Metodo di datazione assoluta del legno, si basa sulla misurazione degli anelli annuali di accrescimento delle diverse specie legnose, il cui spessore dipende dalle condizioni climatiche che si sono verificate durante l’anno della sua crescita

È un metodo di datazione assoluta messo a punto dall’ISCUM a partire dalla metà degli anni Settanta relativamente ad alcuni elementi dell’architettura, a partire da  esperienze precedenti e da altri ambiti disciplinari. Esso è applicabile a numerose categorie di manufatti reali mobili (ceramiche, …) o immobili, di tipo architettonico (balaustrini, porte, finestre, …) o costruttivo (murature, archi, …) appartenenti ad un’area geografica e culturale unitaria.

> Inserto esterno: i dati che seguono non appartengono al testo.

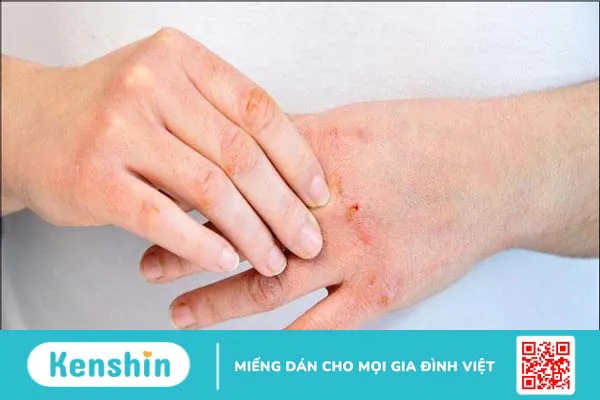 14 mẹo giúp móng tay chắc khỏe bạn nên bỏ túi ngay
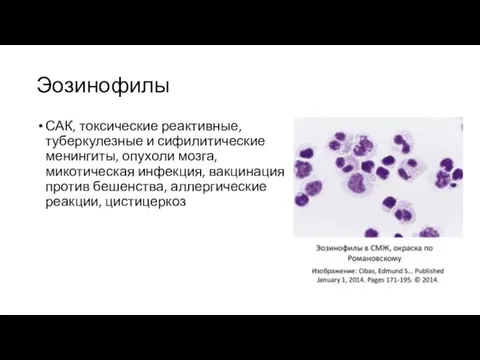 Эозинофилы САК, токсические реактивные, туберкулезные и сифилитические менингиты, опухоли мозга, микотическая инфекция,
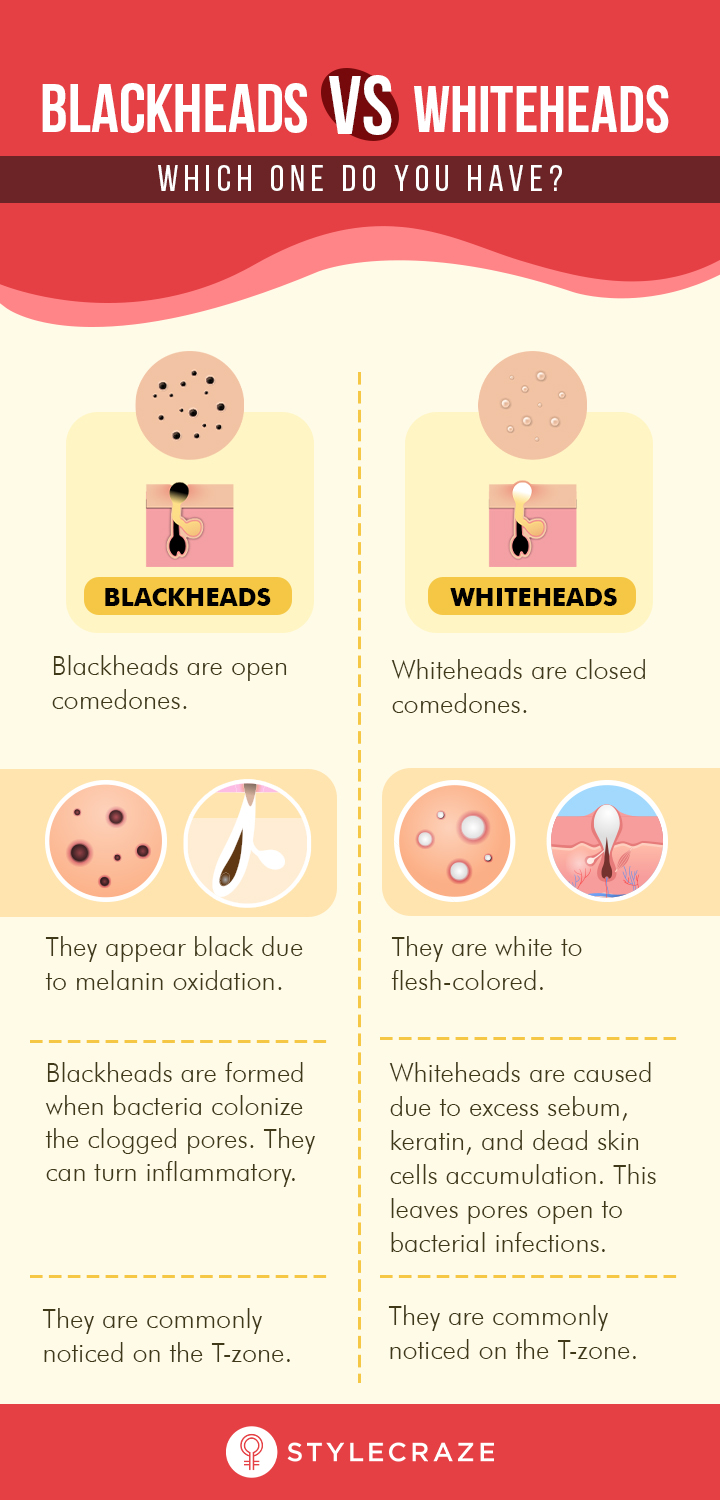 Whiteheads vs blackheads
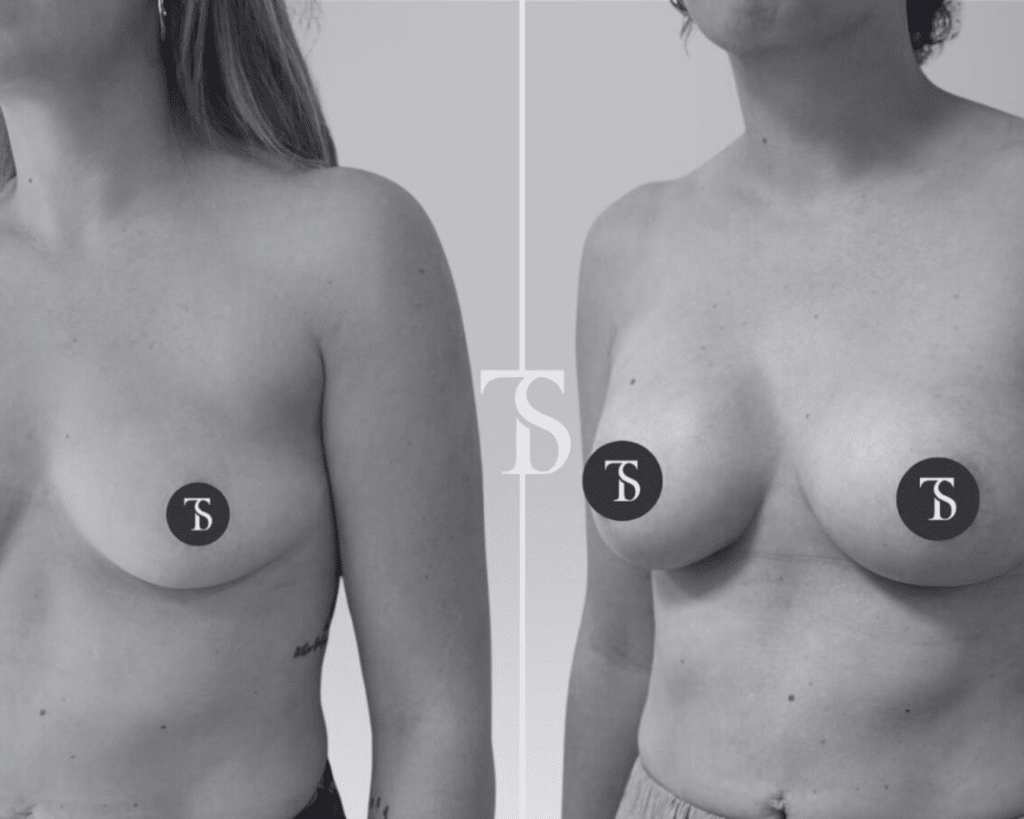 augmentation mammaire naturelle avant après​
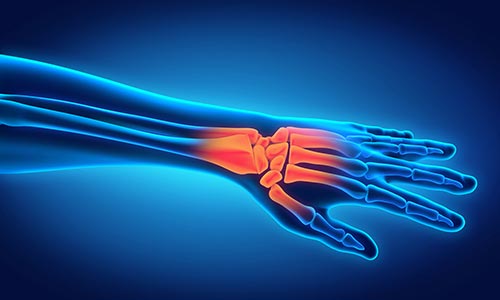 Hand and wrist pain information evening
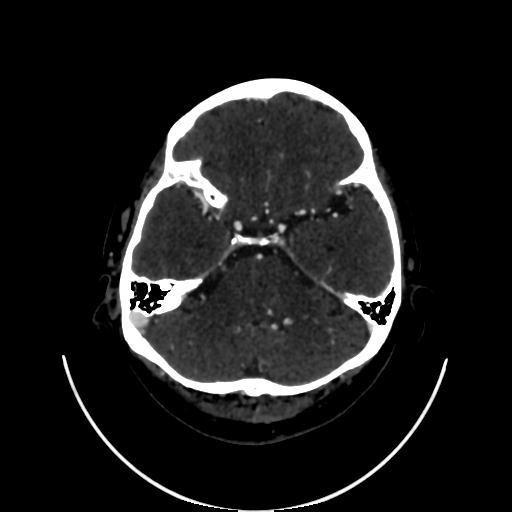 Cavernoma with developmental venous anomaly (Radiopaedia 22470-22506 C 39).jpg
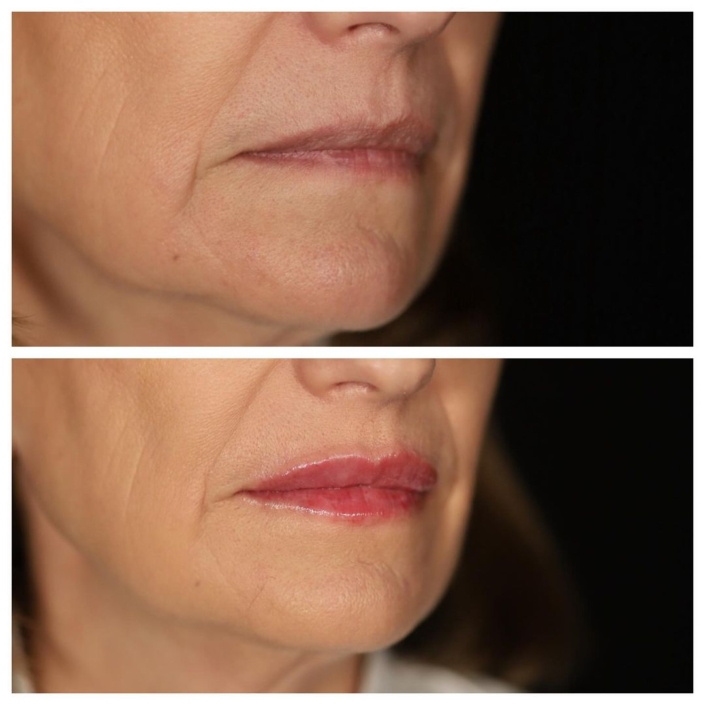 Medicina estética labios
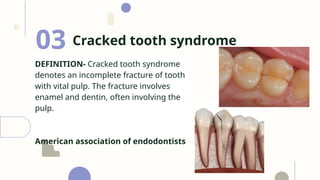 endodon management of cracked tooth.pptx
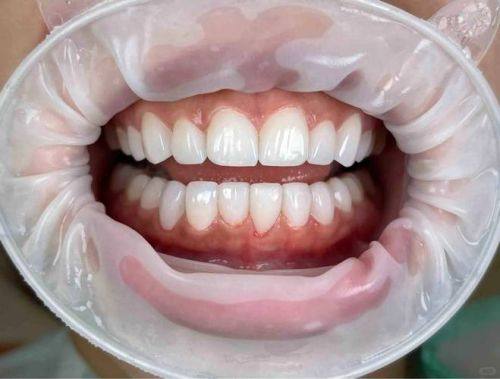 美白之后，做好防护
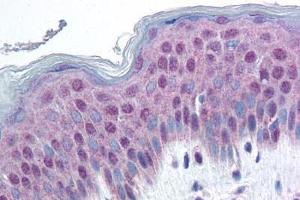 Human Skin (formalin-fixed, paraffin-embedded) stained with HMGN1 antibody ABIN214463 at 20 ug/ml followed by biotinylated goat anti-rabbit IgG secondary antibody ABIN481713, alkaline phosphatase-streptavidin and chromogen. (HMGN1 抗体  (pSer20, Ser24))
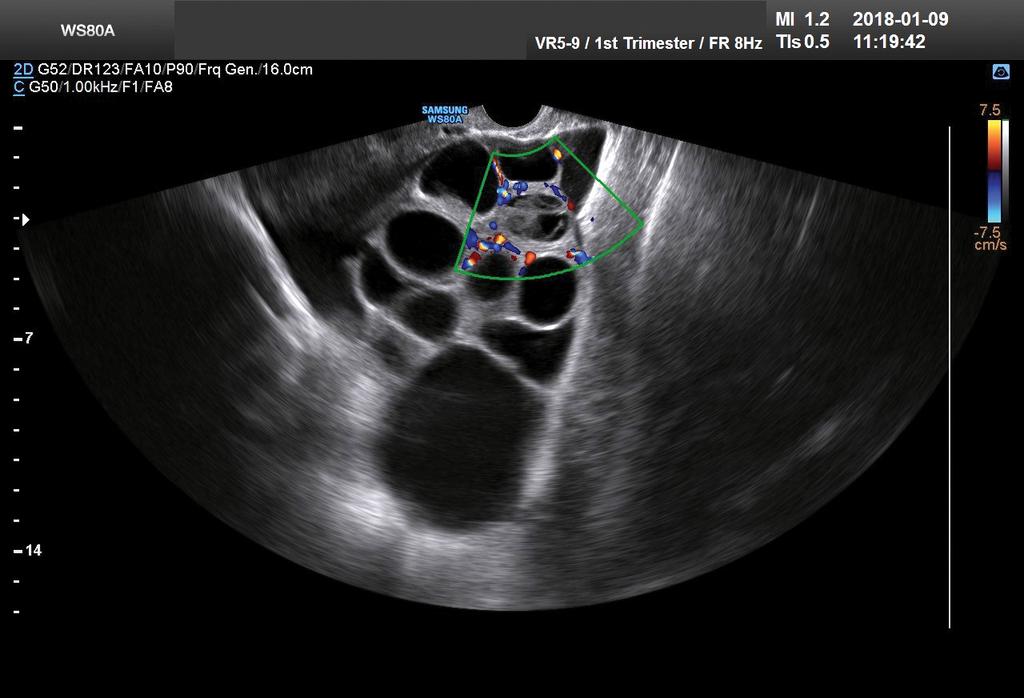 szindróma 2. ábra Hiperstimulált petefészekben color-doppler-vizsgálattal a tüszők körül kifejezett érújdonképződés (neovascularisatio) figyelhető meg 4.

La cronotipologia è utilizzata, come strumento di datazione, sia dall’archeologo sia dall’architetto in quanto può fornire informazioni su reperti di scavo e su manufatti costruiti, in particolar modo su quelli prodotti in serie per soddisfare concrete esigenze d’uso. Per gli stessi principi su cui si fonda, l’analisi cronotipologica non riguarda i manufatti eccezionali, i capolavori o le opere d’arte ma manufatti “minori”, d’uso comune o facenti parte di culture periferiche, di fronte ai quali i tradizionali metodi di datazione basati su interpretazioni stilistiche sono impotenti.

Il metodo, che si può definire sperimentale-deduttivo poiché non si fonda su concezioni aprioristiche di alcun tipo, non è distruttivo, in quanto non richiede il prelievo di alcun campione di materiale, è di facile uso e basso costo d’esercizio, una volta che si ha a disposizione una casistica sufficiente di elementi.

È basato sull’osservazione diretta e sul rilevamento degli aspetti morfologici e tecnici dei manufatti, che sono confrontati tra loro con lo scopo di identificarne l’appartenenza ad un gruppo specifico, definito sulla base della classificazione dei cronotipi. Si può definire cronotipo ogni gruppo di manufatti che presenta gli stessi caratteri distintivi (materiali, tecniche, forme, misure, decorazioni, …), entro tolleranze codificabili e con un periodo di durata, in un dato territorio, abbastanza preciso.

La datazione si effettua attraverso il confronto del manufatto in esame con manufatti analoghi di epoca nota, pertanto è chiaro che la validità dei risultati è tanto più garantita quanto più ampia è la quantità di esemplari già classificati. Le approssimazioni della datazione assoluta dipendono quindi dal livello di approfondimento della cronotipologia (numero di casi e analisi dettagliata) e dall’esistenza di variazioni riconoscibili in un ristretto arco temporale che, in alcuni casi abbraccia una decina di anni, in altri un centinaio.